> _What to produce_
In the records below, find the line with "521 N California" and repeat exactly every line from it through the line with "Elegância Noturna: Camisa". Pictures stay out.

> _Available data_
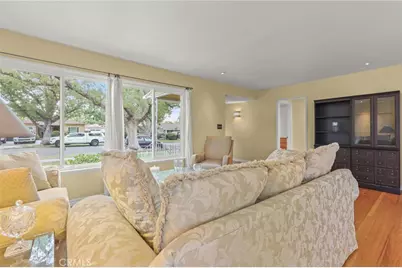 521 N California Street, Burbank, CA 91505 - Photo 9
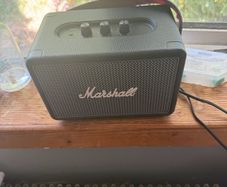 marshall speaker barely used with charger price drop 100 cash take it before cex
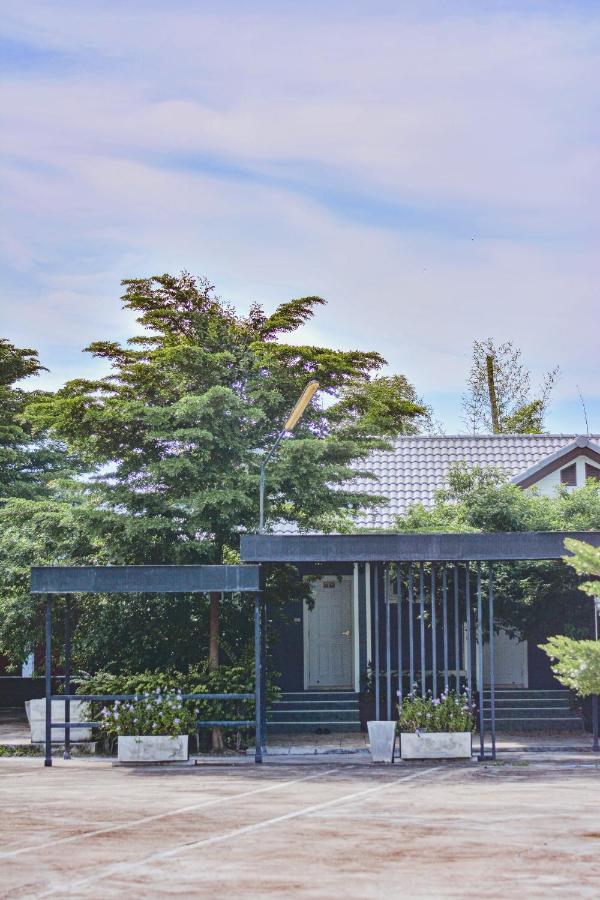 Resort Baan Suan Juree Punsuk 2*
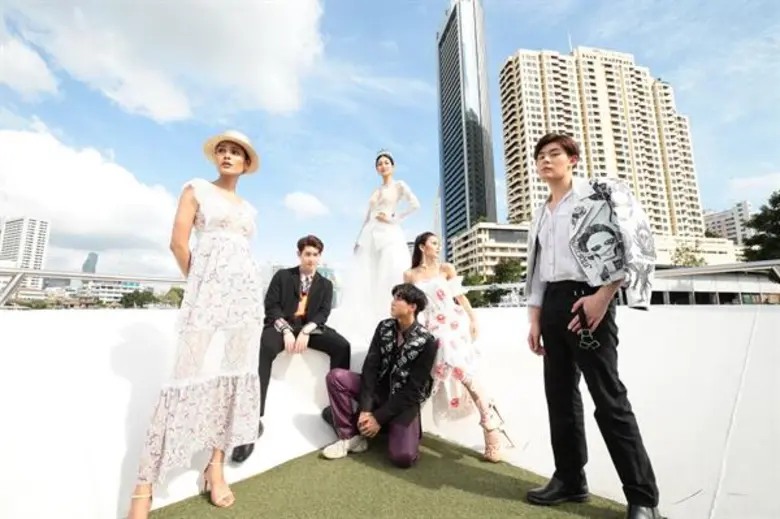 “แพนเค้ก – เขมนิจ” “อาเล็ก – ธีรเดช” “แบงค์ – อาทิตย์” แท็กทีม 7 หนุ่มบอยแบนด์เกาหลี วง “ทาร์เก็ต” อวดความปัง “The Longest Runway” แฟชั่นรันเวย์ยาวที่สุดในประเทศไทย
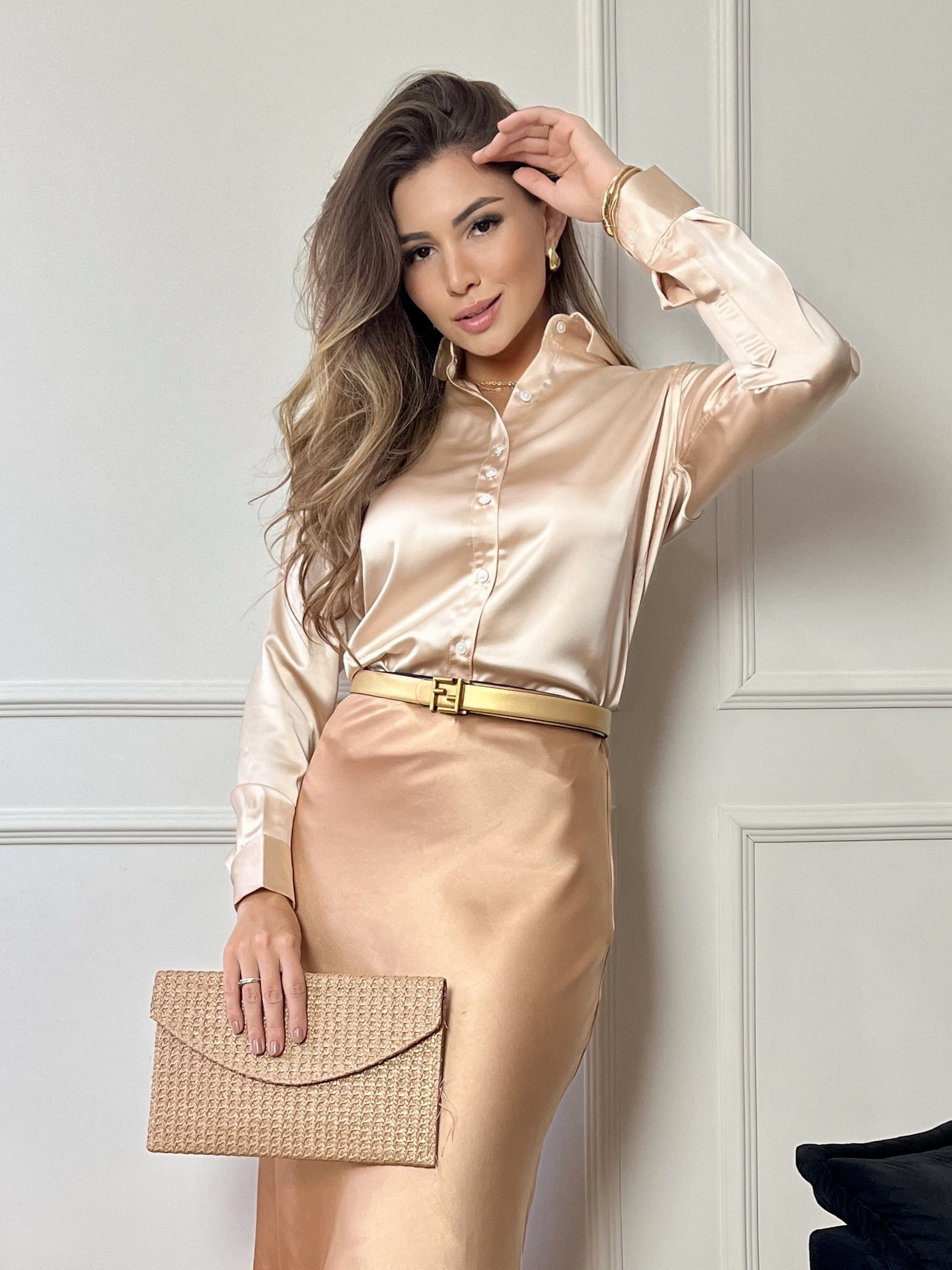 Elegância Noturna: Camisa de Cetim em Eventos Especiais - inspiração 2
---
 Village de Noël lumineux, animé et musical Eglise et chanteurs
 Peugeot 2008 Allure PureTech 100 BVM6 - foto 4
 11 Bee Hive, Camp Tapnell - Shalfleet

> _Answer below_
 521 N California Street, Burbank, CA 91505 - Photo 9
 marshall speaker barely used with charger price drop 100 cash take it before cex
 Resort Baan Suan Juree Punsuk 2*
 “แพนเค้ก – เขมนิจ” “อาเล็ก – ธีรเดช” “แบงค์ – อาทิตย์” แท็กทีม 7 หนุ่มบอยแบนด์เกาหลี วง “ทาร์เก็ต” อวดความปัง “The Longest Runway” แฟชั่นรันเวย์ยาวที่สุดในประเทศไทย
 Elegância Noturna: Camisa de Cetim em Eventos Especiais - inspiração 2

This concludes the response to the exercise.